Washington • In a rebuke of President Donald Trump, Sen. Mitt Romney on Thursday said he was “concerned” the administration has not explained its findings about the murder of Washington Post journalist Jamal Khashoggi at a Saudi consulate in Turkey.

It’s the second time Romney has criticized the Trump administration’s response to the brutal killing of the columnist, but this time, the Utah Republican said the White House must brief Congress on what happened and what response the United States took against Saudi Arabia.

“The question that Congress wants answered is whether any senior Saudi officials, including members of the Saudi royal family, were responsible for the murder of Jamal Khashoggi,” Romney tweeted Thursday. “By law, the President is required to report to Congress on these findings & imposition of sanctions.”

In another tweet, Romney said, “I am concerned that the Administration has yet to comply with the law, nor has it sufficiently explained why. As has been requested by members of both parties, I urge the Administration to rectify this urgent situation and brief Congress on its progress as soon as possible.”

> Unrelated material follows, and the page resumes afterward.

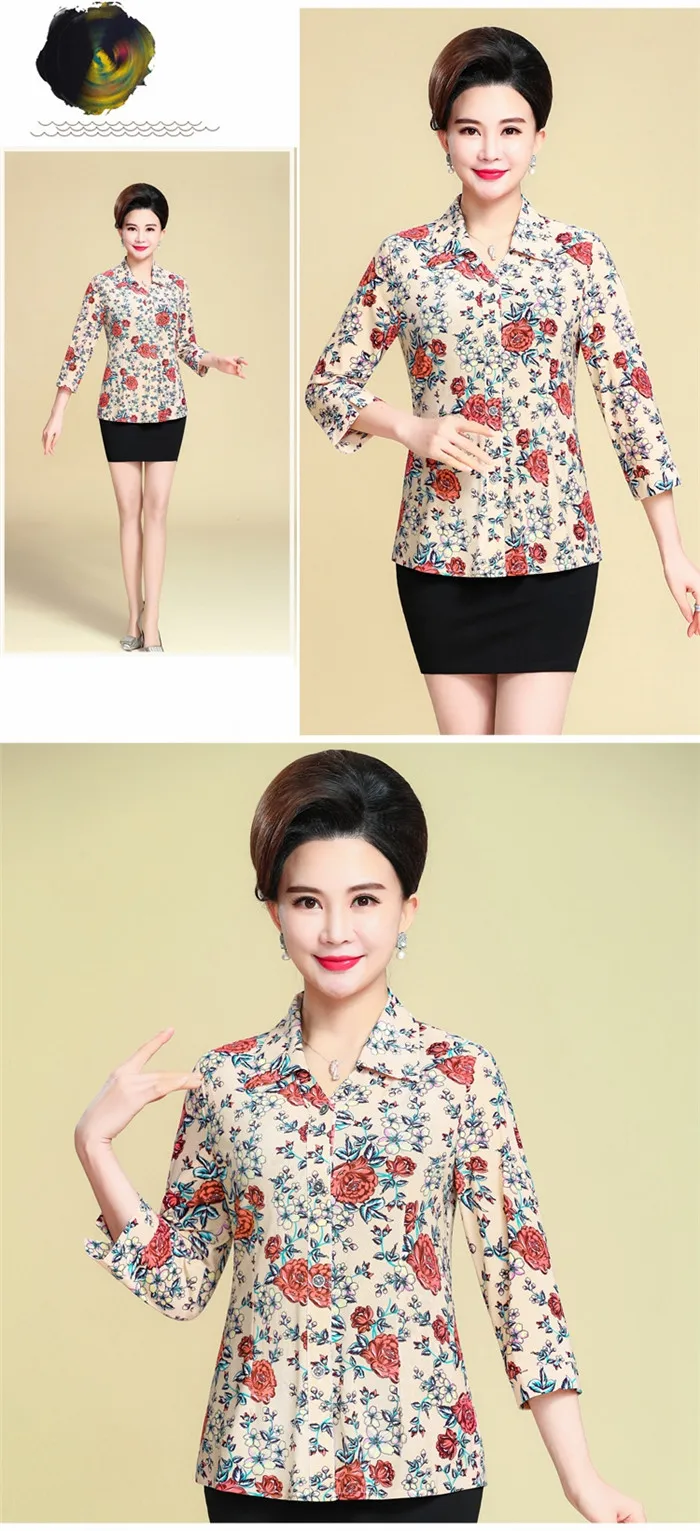Женская блузка среднего возраста, летняя, нового размера плюс, для мамы, рукав три четверти, шелковая, с принтом, блуза, Женский Топ, кардиган W885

The CIA has said that Jamal Khashoggi, who lived in Virginia and wrote for the Post, was killed and dismembered inside the Saudi consulate in Istanbul in October and that his execution was ordered by Crown Prince Mohammed bin Salman.

Trump has refused to agree with that intelligence finding and defended a lack of response because of a large financial deal with the Saudis to purchase military equipment.

"Our intelligence agencies continue to assess all information, but it could very well be that the crown prince had knowledge of this tragic event — maybe he did and maybe he didn't!" Trump said in November.

He added that "we may never know" who was responsible.

Romney’s tweets come after Tom Barrack, a big Trump donor who headed his inaugural committee, said the United States didn’t have the moral right to criticize Saudi Arabia because America has its own record of “atrocities," CNN reported.

"I believe that the problem with what’s happened with the Khashoggi incident is the same problems of the West misunderstanding the East that’s existed since Sykes—Picot,” Barrack said, referencing a treaty that divvied up control of the Middle East in 1916. “So the West is confused that the rule of law — doesn’t understand what the rule of law is in the Kingdom.”

Barrack has since apologized for his comments.

Democrats have also been pressing the administration to explain its response to Khashoggi’s murder.

The Trump administration, against federal law, has not responded to Congress' request for a determination of who was responsible for the execution or any sanctions that should be applied to Saudi Arabia.

Sen. Bob Menendez of New Jersey, the top Democrat on the Senate Foreign Relations Committee, has demanded that Secretary of State Mike Pompeo turn over any documents related to the killing.

“Despite foreign and international officials investigating this matter who have concluded that senior Saudi officials bear responsibility for Mr. Khashoggi’s murder, this administration has been conspicuously reticent to hold senior officials and senior members of the Royal Family accountable,” Menendez wrote in a letter, The Hill newspaper reported.

Khashoggi was allegedly killed in the Saudi consulate – where he had gone to get documents to marry a Turkish woman – by a 15-man team who had ties to the crown prince's security detail. The journalist's body, reports say, was dismembered with a bone saw.

Romney, in November, had blasted Trump for not taking any action against Saudi Arabia following the CIA report on the killing.

“The President’s and Secretary of State’s Khashoggi statements to date are inconsistent with an enduring foreign policy, with our national interest, with basic human rights, and with American greatness,” Romney tweeted. “Sanctions do not necessarily require ending the alliance; they do demand real and painful consequence.”

That came after Trump denounced the killing but added, “The world is a very dangerous place!”